Boris, from "The Goldfinch," by Donna Tartt. The greatest fun in "The Goldfinch" is provided by an unsupervised 15-year-old badass named Boris Pavlikovsky, Russian by way of Australia, who befriends the narrator in the surreal, sunstruck Las Vegas suburbs where they have landed in mid-adolescence. Boris will take "Potter," as he calls the bespectacled narrator, under his wing, and initiate him into alcohol, drugs and the truest of friendships, founded on endless afternoons of pizza, petty crime and philosophical speculation. Boris understands Theo as no one else does, and saves him when no one else can, chattering nonstop in a hilarious patois of Russian-flavored English.
John Brown, from "The Good Lord Bird," by James McBride. James McBride's portrait of the fanatical abolitionist John Brown is an inspired literary rehabilitation, taking a man who was very likely a dour, chilling vigilante and turning him into a crazy roisterer for Jesus, a charismatic maniac whose might have stepped out of a Mark Twain novel or a Coen brothers film.
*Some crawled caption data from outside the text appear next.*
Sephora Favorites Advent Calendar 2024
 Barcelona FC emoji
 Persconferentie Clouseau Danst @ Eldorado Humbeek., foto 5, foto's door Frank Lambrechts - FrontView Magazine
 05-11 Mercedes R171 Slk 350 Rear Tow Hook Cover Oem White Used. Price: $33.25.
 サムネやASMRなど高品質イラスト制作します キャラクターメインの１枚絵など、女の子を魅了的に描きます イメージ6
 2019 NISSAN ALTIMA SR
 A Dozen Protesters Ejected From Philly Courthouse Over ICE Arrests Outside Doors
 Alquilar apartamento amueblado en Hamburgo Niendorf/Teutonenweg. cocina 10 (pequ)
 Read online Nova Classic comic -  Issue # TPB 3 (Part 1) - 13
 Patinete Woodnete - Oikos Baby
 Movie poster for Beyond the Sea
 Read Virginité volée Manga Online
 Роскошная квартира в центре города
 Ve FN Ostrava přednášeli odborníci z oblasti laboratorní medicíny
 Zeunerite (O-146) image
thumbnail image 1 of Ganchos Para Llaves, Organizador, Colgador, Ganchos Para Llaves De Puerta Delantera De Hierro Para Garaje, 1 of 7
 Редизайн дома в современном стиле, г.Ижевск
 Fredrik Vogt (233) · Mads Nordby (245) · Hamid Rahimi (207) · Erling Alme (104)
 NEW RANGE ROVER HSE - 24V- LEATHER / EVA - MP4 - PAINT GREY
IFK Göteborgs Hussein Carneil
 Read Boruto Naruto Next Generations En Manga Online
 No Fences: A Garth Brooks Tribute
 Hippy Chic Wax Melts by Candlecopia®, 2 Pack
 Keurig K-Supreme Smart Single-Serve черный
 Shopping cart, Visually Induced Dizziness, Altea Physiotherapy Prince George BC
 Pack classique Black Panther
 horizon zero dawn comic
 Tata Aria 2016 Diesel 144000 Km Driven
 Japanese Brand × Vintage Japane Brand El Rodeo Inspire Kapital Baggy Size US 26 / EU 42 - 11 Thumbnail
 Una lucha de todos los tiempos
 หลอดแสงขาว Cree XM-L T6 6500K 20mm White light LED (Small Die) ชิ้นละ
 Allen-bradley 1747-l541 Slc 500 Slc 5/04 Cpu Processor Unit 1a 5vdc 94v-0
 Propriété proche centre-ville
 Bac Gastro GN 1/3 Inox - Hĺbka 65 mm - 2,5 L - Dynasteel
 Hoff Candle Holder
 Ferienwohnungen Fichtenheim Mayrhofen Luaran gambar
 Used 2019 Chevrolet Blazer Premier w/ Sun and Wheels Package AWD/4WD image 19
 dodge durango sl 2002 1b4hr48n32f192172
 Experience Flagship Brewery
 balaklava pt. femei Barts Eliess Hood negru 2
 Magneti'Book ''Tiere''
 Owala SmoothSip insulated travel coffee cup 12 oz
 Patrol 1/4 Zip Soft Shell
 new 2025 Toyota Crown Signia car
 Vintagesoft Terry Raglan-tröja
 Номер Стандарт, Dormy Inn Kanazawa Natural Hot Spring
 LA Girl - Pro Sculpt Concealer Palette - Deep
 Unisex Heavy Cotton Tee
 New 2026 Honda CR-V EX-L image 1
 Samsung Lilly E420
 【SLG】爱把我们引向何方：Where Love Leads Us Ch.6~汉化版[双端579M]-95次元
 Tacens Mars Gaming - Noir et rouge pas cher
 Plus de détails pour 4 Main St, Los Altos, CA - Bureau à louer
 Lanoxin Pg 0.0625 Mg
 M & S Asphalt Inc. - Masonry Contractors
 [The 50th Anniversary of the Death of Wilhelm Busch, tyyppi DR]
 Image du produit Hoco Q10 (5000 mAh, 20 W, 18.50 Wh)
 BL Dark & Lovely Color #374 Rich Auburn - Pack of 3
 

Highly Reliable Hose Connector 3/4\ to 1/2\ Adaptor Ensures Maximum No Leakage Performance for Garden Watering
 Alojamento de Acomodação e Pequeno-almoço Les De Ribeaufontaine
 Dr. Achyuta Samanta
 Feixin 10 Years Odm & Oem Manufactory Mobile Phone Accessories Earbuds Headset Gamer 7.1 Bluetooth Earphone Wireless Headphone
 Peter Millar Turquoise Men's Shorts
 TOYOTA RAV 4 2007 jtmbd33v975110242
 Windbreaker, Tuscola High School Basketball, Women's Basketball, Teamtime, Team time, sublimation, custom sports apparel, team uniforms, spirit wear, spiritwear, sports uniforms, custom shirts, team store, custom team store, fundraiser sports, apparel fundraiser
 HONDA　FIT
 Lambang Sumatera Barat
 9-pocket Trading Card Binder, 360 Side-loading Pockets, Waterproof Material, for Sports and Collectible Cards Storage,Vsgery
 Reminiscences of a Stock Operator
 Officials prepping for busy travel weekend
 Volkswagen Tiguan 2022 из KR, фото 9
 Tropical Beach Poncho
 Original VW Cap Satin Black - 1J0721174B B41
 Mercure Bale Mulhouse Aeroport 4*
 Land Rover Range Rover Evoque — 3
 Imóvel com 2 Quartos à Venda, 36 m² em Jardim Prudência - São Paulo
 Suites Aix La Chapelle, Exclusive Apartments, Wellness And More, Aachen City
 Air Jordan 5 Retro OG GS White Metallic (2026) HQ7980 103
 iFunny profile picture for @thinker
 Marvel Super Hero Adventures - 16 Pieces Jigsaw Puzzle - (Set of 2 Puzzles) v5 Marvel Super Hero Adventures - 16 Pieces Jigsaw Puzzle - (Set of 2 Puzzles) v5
The key to the portrayal is the eyes through which we see Brown, those of an 11-year-old slave freed in one of Brown's raids through no fault or wish of his own. "Onion," as Brown nicknames him, tells us things about Brown that history just cannot. "The Old Man was always broke and delayed in everything ... I sometimes reckon that Old John Brown wouldn't have started no trouble at all if he didn't have to feed so many people all the time." See -- he's just like us!